Objective
Continuous glucose monitoring (CGM) devices provide individualised time in range (TIR) data for the diabetic wearer. Optimising the TIR to >70% in pregnant individuals with type-1 diabetes mellitus (T1DM) is recommended by the International Consensus (Diabetes Care, 2019); however, such targets can be difficult to achieve. While improved glycaemic control is hypothesised to improve maternal and foetal outcomes, there is a paucity of local data pertaining to Australian centres. We aim to investigate the relationship between TIR and neonatal outcomes in pregnant individuals with T1DM.
Study design
This was a retrospective study of pregnant individuals with T1DM using CGM who delivered at our single tertiary centre on the Central Coast of New South Wales between January 2020 to December 2023. A range of neonatal and maternal outcomes were included in the analysis, including a composite neonatal variable of macrosomia, phototherapy requirement, special care nursery (SCN) admission, and shoulder dystocia. TIR data was analysed with a cut-off of 60% based on lower average TIR for our local study cohort.
Results
During the study period, 36 pregnancies met inclusion criteria, of which 32 had TIR data. There was high incidence for admission to SCN (31/35, 89%), neonatal hypoglycaemia (27/35, 77%), neonatal jaundice (18/35, 51%), and induction of labour (17/36, 47%). During the second and third trimesters, median TIR was 56.5%; 19 patients (59%) had average TIR<60% and 13 (41%) had TIR≥60%. The composite neonatal outcome was met in 19/19 (100%) of pregnancies with TIR<60% compared to 10/13 (76.9%) with TIR≥60% (p=0.028). Admission to SCN occurred in 18/19 (95%) patients with TIR<60% compared to 9/12 (75%) for those with TIR≥60% (p=0.110); with 2/18 (11%) admissions to the neonatal intensive care for TIR<60% compared to 0/12 for TIR≥60% (p=0.232). Neonatal hypoglycaemia requiring intravenous glucose occurred in 13/19 (68%) pregnancies with TIR<60% compared to 6/13 (46%) with TIR≥60% (p=0.208).

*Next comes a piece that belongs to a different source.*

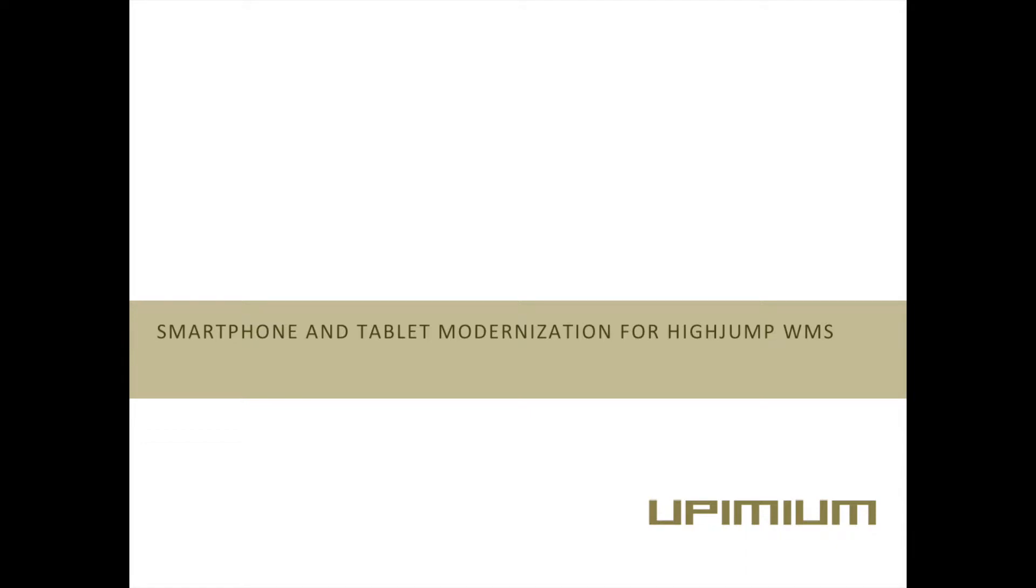Hello and welcome to this demonstration video of smartphone and tablet modernization for HiJump Warehouse Management System. In this video, we will show you how the solution modernizes HiJump's native text-based interface automatically, without modifying existing code.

Mean head circumference trended higher with TIR<60% (35.2cm) compared to TIR≥60% (34.0cm) (p=0.086). Notably, patients with TIR<60% attended fewer endocrine appointments, 5.4, on average in their third trimester compared to those with TIR≥60%, 7.6 (p=0.020).
Conclusion
Our results demonstrate a high incidence of neonatal complications associated with T1DM pregnancies on the Central Coast, with relatively low average TIR during the second and third trimesters. Our results suggest a possible link between higher average TIR and reduced neonatal complications, and indicates that greater specialist engagement later in pregnancy can improve TIR.